Looking round, she was crushed by the filth of her home. It was beautifully proportioned and she had furnished it lovingly, with taste and flair. Her apartment was unusually large, in a ruinously expensive suburb. “My flat”, as she always described it, with a self-deprecating smile, knowing her guests would gasp in shocked delight, as she threw open the door for them.
It was a small pleasure, but important to her. She had never been wealthy, nor poor. Her parents would have described their lives as ‘comfortable’, had they ever known anyone crass enough to ask. She had worked so tirelessly to shed that label of comfort. Her parents had been children of the early post-war period: ration cards and no toothpaste. How abruptly, how exultantly she had shed off their accumulated ornaments, their sea-side knick-knacks. Every item on display in her apartment had been carefully, and painstakingly, arranged to an expensive and artful air of casual chic. Without hesitation, she had sent her late mother’s collection of heavily cut crystal to the salesroom and her Aynsley porcelain to Oxfam.
So she was truly shaken as she looked properly at her surroundings, for the first time in days. The treasures she had carefully and wisely accumulated were still here, but soiled, spoiled. The unmistakable odour of vomit hung in the air. The whole place stank of vomit, piss and shit, she noted- shocked at the vulgarity of her inner monologue- a few months ago she would have said (and even thought) ‘poo’ and ‘wee’. Everything was coarsening; she fastest of all. She noticed a discarded bottle, flung aside in a rage, or simply dropped out of his hands regardless. From the bottle coursed a filthy trail, snaking down over the upholstery of the sofa and onto a pale, stinking pool on a white floor-rug. The rug was worth a month’s mortgage repayment. Not any more, of course.
‘There is no-one I could tell’, she thought again. Who would believe it? More importantly, who could view this wreckage and resist the temptation? “We told you”, they would say with quiet satisfaction, “We warned you. It was not too late”.
‘Well, it’s too late now’, she acknowledged. ‘I made my own bed. I took Mark to my bed. I hung off it, and gasped in it and screamed in it. Now that it has become a bed of nails, I will lie in it’. So much for modernity, and emancipation, some essential things do not change. “That creature sharing my room is a monster, a parasite. I’ve changed my world for him and the world couldn’t care less”.
Her head shot up, triangulating the unmistakable sound of him stirring. She leaped to her feet and ran to the galley kitchen. She toyed momentarily with the idea of scalding him. Just a moment’s passing fancy. She was not so far gone. She still knew right from wrong and while she still could, she would behave appropriately, whatever the provocation. Begging the kettle to boil, the task to flow smoothly, she knew that if she was fast, and lucky, she might forestall the next fury.

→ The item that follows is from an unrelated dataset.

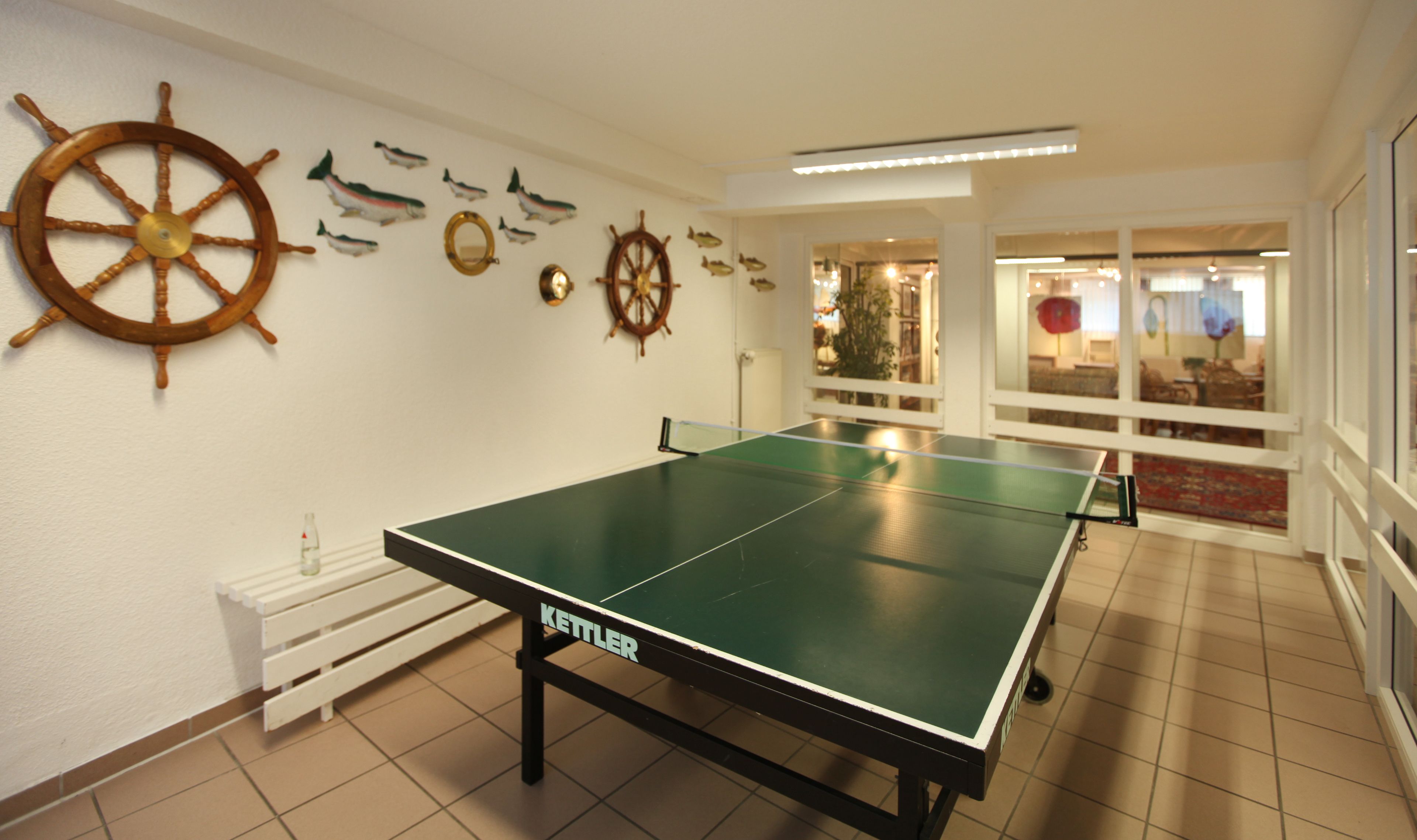 Una mesa de ping pong con la etiqueta 'Kettler', una rueda de barco y varias decoraciones de peces en la pared.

She could buy some time, placate him, maybe even make him smile. Then she would clean up, and tidy. She would bleach the bloodstains. She would make it better between them. It would work. She would make it work. It was the most natural thing in the world. Other women coped; she would too. Grabbing the warm drink and some paracetemol, in case he needed it, she approached the bedroom door cautiously.
Peering round the door, she thought, ‘I might not be too late. He looks ok. He’s not angry yet, he’s not fully awake’.
‘I can do this,’ she swore to herself, ‘I can keep doing this forever. I love him. Yes, I do. I love him. I think so, anyway. If he would just give me the slightest hint that he loves me too. I could love him. I will love him, if it kills me’.
‘If only Mark were here with me. If he had only stayed with me. If he had helped. If he had not left me here, trapped with this monster’.
She entered the room, flung open a window and drank in the icy air before walking to the bloodied cot. “Hush, darling. Mummy is here.”